Common pitfalls to avoid
- Do not overdesign the spec. Focus on necessary conditions. Precise details are useful, but pointless elaboration creates drag.
- Do not iterate the proposal endlessly. Too many rounds can reintroduce requirement drift; keeping revisions within a small number is usually wiser.
- Do not archive before testing. Core user flows should be manually verified before a change is formalized.
- Do not treat the spec as static. It needs active maintenance to stay aligned with the codebase.
The larger shift: balancing AI speed with control
OpenSpec is not trying to restrain AI for its own sake. Its role is to make AI’s generative power land exactly where the project needs it.

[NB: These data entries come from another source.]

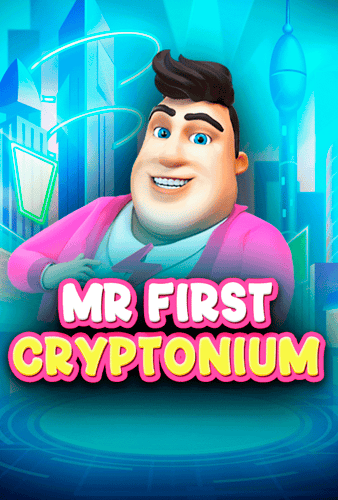 Mr First Cryptonium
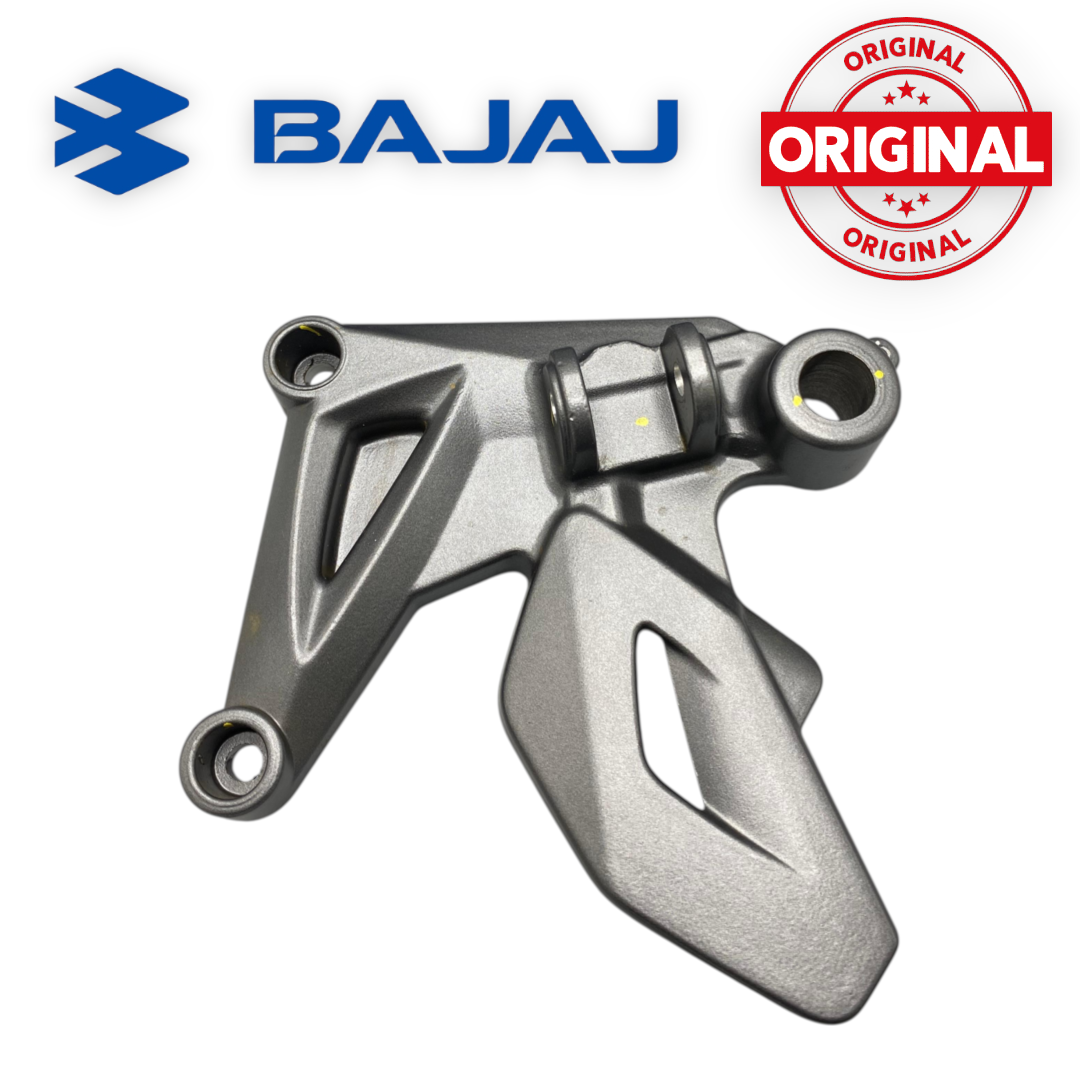BAJAJ PULSAR NS 200 ÖN SAĞ BASAMAK BRAKETİ ORJİNAL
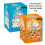 Speciality White and Brown Sugar Cube Bundle Containing Le Perruche White and Brown Natural Cane Su 3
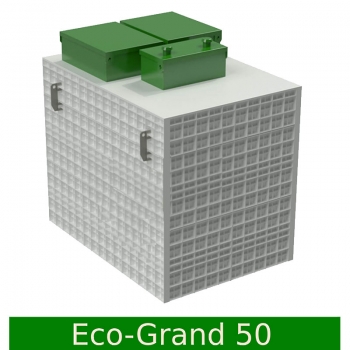 ეკო გრანდ 50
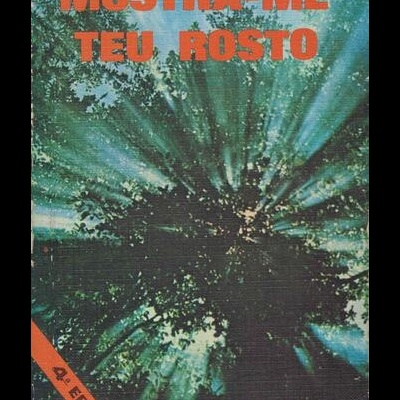 Mostra-me Teu Rosto | de Inácio Larrañaga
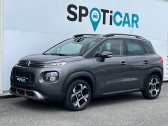 Citroen C3 Aircross occasion année 2019 boite Manuelle Annonce Citroen C3 Aircross occasion Essence C3 Aircross PureTech 110 S&S BVM6 Shine 5p à Lescar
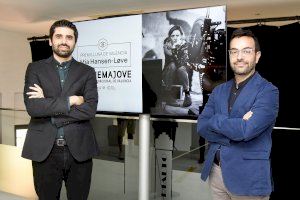 Cinema Jove atorga el Premi Lluna de València a la directora francesa Mia Hansen-Løve
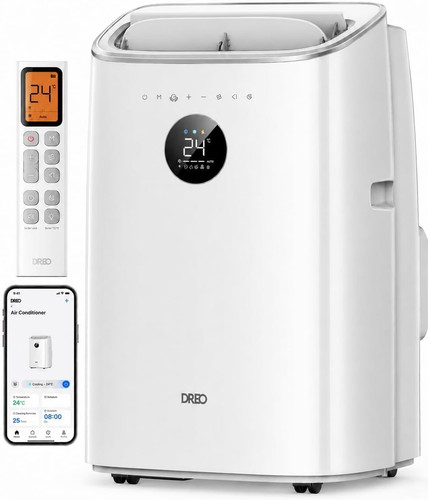 Dreo 7500 btu - 7500, air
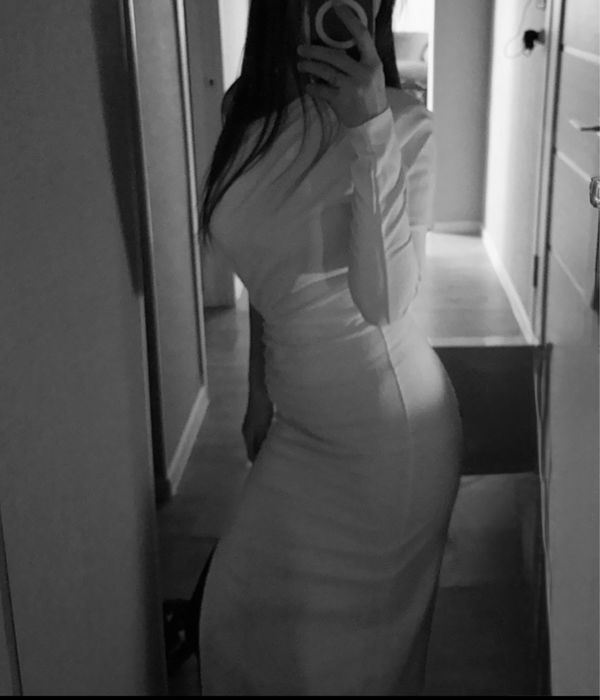 Продам платье /город Актобе!/8к одевала один раз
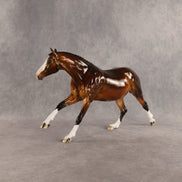 Manzana OOAK EFCM Volo by Mindy Berg & Melanie Miller SHCF26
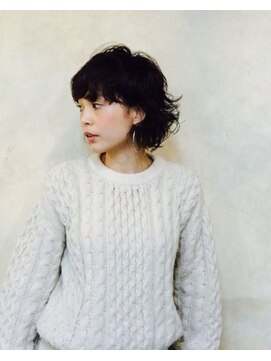 ケイカ(Keica) マッシュウルフ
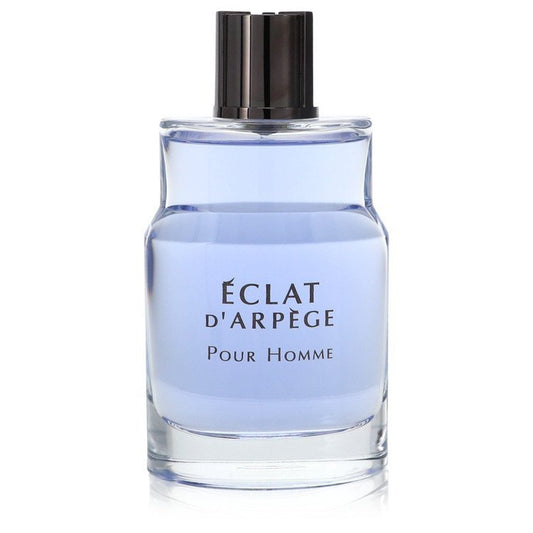 Eclat D'Arpege by Lanvin Eau De Toilette Spray (unboxed) 3.4 oz for Men - Thesavour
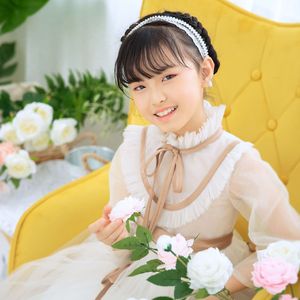 时光花再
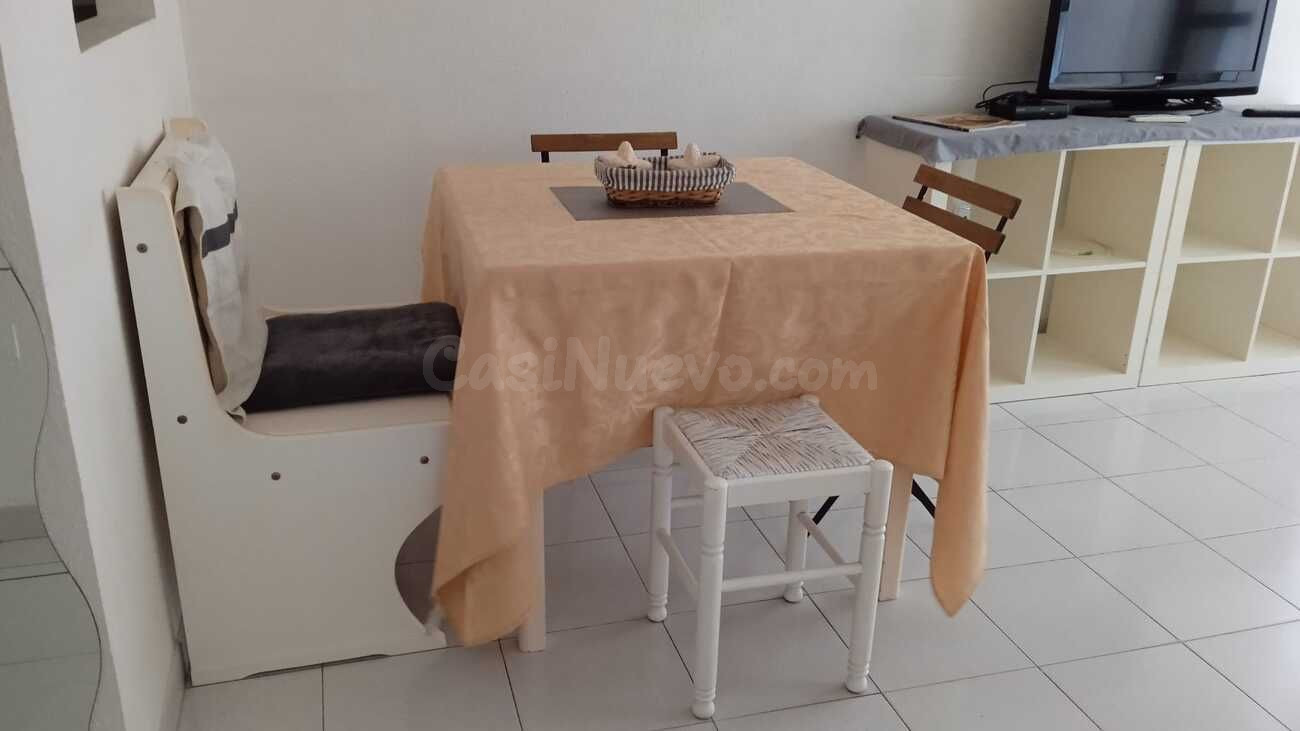 Apartamento 1 habitación 52m² en venta - Centro - foto 2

That changes the developer’s role. Less time is spent repairing guessed code, and more time goes into requirement design, technical decisions, and business value. For teams, collaboration gets smoother because decisions are recorded instead of implied. For projects, quality becomes easier to control because the implementation remains tied to documented intent.
The shift is from “AI writes what it thinks you mean” to “AI builds what the spec actually says.”
That may not be the fastest possible way to generate code in the moment. But for ongoing projects, shared codebases, and work that needs to be maintained over time, it is a much more sustainable way to develop with AI.